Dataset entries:
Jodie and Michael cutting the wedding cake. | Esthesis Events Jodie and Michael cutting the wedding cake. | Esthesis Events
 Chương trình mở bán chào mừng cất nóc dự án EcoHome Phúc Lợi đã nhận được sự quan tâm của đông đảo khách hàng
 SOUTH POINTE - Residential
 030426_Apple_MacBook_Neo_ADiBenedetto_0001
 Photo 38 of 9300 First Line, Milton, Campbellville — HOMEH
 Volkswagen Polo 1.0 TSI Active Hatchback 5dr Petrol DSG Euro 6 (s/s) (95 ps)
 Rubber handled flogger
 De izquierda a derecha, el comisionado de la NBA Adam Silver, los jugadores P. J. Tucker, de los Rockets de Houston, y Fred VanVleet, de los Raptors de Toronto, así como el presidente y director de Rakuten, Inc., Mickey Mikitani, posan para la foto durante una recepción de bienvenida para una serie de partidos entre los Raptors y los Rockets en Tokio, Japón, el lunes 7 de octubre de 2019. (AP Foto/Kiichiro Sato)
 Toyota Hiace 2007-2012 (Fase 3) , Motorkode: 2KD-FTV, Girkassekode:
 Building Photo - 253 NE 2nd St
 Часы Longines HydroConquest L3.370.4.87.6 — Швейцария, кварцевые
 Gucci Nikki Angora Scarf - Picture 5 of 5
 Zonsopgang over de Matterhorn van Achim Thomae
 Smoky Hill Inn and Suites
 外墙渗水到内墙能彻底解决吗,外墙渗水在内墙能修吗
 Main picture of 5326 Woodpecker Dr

▸ **Your task**: Find the number of lines in the records that include the word "Photo". Write only that number.

▸ **Result**: 2